─── Exercise material

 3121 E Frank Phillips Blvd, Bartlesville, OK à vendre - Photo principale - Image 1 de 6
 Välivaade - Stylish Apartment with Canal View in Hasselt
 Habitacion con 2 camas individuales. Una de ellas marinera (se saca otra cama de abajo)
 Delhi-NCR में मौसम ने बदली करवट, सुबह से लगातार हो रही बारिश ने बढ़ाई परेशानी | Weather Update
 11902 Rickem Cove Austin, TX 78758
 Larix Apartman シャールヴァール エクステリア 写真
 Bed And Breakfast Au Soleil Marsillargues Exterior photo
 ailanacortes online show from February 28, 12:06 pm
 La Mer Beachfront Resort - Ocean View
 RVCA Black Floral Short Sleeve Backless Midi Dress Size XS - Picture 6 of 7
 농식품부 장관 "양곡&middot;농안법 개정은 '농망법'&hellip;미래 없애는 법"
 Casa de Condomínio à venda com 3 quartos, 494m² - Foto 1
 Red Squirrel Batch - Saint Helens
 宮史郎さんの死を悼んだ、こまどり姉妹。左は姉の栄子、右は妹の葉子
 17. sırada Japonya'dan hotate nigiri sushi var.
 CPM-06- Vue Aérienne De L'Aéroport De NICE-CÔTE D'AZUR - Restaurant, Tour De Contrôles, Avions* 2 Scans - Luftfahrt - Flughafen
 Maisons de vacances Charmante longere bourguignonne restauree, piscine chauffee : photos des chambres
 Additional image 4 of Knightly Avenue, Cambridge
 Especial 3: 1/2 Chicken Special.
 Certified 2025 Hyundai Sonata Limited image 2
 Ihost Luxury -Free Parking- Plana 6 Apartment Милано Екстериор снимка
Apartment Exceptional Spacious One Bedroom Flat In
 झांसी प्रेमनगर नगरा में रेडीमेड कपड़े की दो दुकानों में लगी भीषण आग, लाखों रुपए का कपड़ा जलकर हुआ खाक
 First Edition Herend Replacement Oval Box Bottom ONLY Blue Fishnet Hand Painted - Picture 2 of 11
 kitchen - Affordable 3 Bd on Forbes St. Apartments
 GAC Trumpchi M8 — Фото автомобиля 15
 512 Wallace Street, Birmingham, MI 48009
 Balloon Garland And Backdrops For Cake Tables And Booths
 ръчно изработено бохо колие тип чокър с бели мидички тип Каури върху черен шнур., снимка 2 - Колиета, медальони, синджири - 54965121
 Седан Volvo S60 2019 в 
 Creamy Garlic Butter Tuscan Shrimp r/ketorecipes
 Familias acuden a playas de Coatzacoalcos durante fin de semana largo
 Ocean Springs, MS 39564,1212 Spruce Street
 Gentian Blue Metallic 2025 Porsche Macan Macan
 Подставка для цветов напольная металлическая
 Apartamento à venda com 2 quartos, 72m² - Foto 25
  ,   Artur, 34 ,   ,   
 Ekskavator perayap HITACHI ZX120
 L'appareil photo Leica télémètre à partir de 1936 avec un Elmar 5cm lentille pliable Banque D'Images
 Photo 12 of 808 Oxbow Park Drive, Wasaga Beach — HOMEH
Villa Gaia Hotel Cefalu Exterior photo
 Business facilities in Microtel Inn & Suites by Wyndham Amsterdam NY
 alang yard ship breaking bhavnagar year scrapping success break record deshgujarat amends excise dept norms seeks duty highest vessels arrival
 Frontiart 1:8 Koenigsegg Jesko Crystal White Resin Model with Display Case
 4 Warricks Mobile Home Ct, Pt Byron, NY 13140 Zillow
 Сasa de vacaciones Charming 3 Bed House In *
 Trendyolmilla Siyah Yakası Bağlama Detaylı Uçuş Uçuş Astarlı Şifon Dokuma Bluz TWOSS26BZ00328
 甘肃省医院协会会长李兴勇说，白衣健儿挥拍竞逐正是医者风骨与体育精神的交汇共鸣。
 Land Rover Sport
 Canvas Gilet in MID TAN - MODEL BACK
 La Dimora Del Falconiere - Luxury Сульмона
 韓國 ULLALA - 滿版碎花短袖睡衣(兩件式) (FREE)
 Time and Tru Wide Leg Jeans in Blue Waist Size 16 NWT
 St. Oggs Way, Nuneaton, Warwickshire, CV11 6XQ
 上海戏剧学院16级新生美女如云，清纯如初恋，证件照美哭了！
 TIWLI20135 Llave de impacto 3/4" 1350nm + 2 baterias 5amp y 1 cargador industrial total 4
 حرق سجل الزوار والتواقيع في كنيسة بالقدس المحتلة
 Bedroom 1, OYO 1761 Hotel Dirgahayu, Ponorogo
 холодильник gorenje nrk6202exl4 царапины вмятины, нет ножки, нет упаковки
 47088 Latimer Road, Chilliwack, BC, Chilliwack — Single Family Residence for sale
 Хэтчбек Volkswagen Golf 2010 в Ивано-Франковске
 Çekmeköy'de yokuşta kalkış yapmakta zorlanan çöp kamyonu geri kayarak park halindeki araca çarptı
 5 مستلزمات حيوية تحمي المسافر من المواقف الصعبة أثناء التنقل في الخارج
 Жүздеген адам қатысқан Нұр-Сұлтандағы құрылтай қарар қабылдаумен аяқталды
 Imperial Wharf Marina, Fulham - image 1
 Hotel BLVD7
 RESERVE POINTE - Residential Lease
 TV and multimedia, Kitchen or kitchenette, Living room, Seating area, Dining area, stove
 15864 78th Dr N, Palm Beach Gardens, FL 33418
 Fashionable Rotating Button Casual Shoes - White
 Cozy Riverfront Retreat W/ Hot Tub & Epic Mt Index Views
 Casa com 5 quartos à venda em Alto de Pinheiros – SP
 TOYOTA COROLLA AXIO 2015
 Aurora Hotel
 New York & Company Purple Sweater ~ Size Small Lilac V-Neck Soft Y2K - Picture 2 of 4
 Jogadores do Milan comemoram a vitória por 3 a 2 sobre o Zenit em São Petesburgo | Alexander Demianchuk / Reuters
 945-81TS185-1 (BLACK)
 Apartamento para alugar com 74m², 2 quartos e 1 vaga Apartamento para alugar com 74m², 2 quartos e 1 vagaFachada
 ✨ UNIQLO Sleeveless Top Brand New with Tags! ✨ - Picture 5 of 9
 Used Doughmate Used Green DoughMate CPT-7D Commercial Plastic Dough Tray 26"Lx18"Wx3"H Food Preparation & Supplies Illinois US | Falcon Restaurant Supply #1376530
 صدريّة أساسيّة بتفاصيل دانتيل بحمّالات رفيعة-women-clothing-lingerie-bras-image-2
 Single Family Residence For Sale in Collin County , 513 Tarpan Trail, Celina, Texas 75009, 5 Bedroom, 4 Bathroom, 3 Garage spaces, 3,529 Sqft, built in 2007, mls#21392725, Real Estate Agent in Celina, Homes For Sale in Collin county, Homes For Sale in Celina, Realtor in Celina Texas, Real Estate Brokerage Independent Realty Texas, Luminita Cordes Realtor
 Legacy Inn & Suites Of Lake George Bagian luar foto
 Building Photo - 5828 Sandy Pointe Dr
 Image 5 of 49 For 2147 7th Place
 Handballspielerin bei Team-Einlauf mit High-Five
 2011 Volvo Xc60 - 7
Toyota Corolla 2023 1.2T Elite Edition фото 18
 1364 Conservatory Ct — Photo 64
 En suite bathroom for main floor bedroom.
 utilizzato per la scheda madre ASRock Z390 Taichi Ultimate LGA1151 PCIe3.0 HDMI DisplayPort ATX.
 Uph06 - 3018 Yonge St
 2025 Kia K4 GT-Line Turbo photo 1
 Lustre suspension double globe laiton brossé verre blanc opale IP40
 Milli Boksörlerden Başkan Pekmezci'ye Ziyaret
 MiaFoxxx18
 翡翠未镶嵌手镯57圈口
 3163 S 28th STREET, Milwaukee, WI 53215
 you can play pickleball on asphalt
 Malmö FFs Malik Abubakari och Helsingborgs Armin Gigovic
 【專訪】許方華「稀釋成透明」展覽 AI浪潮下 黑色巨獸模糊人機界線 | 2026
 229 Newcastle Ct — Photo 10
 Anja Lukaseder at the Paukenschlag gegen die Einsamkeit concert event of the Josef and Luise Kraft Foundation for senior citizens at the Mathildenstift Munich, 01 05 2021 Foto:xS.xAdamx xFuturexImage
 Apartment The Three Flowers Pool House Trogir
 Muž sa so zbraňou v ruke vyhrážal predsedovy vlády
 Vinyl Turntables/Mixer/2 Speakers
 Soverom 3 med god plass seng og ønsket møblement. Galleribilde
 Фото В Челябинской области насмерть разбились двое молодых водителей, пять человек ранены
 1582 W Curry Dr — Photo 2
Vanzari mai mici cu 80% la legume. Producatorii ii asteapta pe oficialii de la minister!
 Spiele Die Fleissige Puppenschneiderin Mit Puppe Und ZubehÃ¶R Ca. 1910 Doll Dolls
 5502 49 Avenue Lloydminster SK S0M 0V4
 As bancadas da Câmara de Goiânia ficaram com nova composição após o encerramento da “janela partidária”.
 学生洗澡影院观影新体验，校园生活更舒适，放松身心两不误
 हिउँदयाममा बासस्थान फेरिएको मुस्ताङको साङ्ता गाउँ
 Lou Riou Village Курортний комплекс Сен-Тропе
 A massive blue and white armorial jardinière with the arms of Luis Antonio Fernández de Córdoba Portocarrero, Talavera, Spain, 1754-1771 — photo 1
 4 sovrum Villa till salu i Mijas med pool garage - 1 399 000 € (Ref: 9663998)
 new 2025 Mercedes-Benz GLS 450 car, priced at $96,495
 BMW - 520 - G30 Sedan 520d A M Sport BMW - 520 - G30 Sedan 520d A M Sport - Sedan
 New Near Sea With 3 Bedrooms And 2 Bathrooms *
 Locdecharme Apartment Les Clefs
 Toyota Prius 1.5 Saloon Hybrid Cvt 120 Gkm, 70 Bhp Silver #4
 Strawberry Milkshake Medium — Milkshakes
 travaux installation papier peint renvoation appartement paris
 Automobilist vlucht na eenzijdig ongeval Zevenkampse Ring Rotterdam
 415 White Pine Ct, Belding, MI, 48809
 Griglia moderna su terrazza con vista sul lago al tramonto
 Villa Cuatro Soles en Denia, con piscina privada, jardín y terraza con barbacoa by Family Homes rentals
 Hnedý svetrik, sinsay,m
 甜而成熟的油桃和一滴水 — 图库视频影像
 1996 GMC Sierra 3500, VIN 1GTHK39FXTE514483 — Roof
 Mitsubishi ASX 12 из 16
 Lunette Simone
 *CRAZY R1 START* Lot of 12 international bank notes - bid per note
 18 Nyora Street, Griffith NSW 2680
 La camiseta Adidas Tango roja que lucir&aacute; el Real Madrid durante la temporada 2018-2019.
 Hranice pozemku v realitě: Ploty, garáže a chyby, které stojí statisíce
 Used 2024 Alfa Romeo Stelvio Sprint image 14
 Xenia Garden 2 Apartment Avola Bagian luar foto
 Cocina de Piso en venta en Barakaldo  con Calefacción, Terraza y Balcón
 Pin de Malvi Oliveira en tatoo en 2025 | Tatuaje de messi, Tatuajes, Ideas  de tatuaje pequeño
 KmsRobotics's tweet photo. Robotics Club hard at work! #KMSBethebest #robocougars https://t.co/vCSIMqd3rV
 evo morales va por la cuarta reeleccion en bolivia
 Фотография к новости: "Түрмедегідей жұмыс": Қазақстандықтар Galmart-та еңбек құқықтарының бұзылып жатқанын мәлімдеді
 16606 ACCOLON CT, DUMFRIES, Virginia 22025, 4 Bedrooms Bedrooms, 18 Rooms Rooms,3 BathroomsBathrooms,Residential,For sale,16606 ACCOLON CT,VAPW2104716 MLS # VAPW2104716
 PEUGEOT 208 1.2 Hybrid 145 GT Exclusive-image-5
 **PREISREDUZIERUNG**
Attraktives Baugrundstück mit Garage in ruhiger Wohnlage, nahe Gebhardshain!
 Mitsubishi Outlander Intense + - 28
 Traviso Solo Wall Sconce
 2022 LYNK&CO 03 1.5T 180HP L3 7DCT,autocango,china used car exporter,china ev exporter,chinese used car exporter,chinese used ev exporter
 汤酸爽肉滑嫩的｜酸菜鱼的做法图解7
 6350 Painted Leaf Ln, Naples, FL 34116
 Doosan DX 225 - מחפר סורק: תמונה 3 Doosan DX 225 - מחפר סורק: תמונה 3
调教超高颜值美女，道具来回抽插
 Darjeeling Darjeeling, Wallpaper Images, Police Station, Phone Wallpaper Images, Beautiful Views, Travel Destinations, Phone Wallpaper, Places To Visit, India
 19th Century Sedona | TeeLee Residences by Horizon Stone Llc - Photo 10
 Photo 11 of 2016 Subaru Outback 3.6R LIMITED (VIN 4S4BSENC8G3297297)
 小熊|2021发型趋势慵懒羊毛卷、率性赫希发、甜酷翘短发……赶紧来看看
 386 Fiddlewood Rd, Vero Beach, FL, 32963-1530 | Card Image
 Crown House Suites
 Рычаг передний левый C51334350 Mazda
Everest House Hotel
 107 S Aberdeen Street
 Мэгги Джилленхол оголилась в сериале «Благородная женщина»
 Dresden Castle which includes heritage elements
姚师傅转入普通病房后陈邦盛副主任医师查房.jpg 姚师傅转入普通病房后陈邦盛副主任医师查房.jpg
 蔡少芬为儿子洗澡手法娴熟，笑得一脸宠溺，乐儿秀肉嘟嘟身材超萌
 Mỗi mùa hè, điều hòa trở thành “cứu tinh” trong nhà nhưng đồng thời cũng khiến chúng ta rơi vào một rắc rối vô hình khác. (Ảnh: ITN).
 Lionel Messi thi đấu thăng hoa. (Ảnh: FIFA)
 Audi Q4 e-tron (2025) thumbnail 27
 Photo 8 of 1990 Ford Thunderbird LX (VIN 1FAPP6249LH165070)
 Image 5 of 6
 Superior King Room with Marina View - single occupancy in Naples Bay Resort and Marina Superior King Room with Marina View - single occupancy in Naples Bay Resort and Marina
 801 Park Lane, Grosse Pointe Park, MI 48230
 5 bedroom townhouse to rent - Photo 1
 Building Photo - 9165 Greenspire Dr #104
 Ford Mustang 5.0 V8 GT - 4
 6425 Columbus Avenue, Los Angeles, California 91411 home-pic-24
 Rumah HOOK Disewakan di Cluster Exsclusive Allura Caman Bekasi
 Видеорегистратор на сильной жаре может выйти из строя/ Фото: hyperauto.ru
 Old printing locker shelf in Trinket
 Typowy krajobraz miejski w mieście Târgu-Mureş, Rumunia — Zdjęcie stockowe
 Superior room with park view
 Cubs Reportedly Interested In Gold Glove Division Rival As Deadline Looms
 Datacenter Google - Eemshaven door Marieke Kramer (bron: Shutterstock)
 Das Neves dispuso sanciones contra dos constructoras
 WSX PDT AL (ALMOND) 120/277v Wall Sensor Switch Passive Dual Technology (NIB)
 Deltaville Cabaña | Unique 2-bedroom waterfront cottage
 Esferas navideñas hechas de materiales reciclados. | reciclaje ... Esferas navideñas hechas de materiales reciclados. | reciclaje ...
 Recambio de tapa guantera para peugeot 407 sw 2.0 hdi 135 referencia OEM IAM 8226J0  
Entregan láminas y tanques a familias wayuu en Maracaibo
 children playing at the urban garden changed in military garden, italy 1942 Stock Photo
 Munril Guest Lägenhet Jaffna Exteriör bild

──────

# [Problem requirements]
The reply should consist solely of the lines above from the one that has "Lustre suspension double" through the one that has "1582 W Curry Dr — Photo 2", reproduced exactly.

# [Result of this task]
 Lustre suspension double globe laiton brossé verre blanc opale IP40
 Milli Boksörlerden Başkan Pekmezci'ye Ziyaret
 MiaFoxxx18
 翡翠未镶嵌手镯57圈口
 3163 S 28th STREET, Milwaukee, WI 53215
 you can play pickleball on asphalt
 Malmö FFs Malik Abubakari och Helsingborgs Armin Gigovic
 【專訪】許方華「稀釋成透明」展覽 AI浪潮下 黑色巨獸模糊人機界線 | 2026
 229 Newcastle Ct — Photo 10
 Anja Lukaseder at the Paukenschlag gegen die Einsamkeit concert event of the Josef and Luise Kraft Foundation for senior citizens at the Mathildenstift Munich, 01 05 2021 Foto:xS.xAdamx xFuturexImage
 Apartment The Three Flowers Pool House Trogir
 Muž sa so zbraňou v ruke vyhrážal predsedovy vlády
 Vinyl Turntables/Mixer/2 Speakers
 Soverom 3 med god plass seng og ønsket møblement. Galleribilde
 Фото В Челябинской области насмерть разбились двое молодых водителей, пять человек ранены
 1582 W Curry Dr — Photo 2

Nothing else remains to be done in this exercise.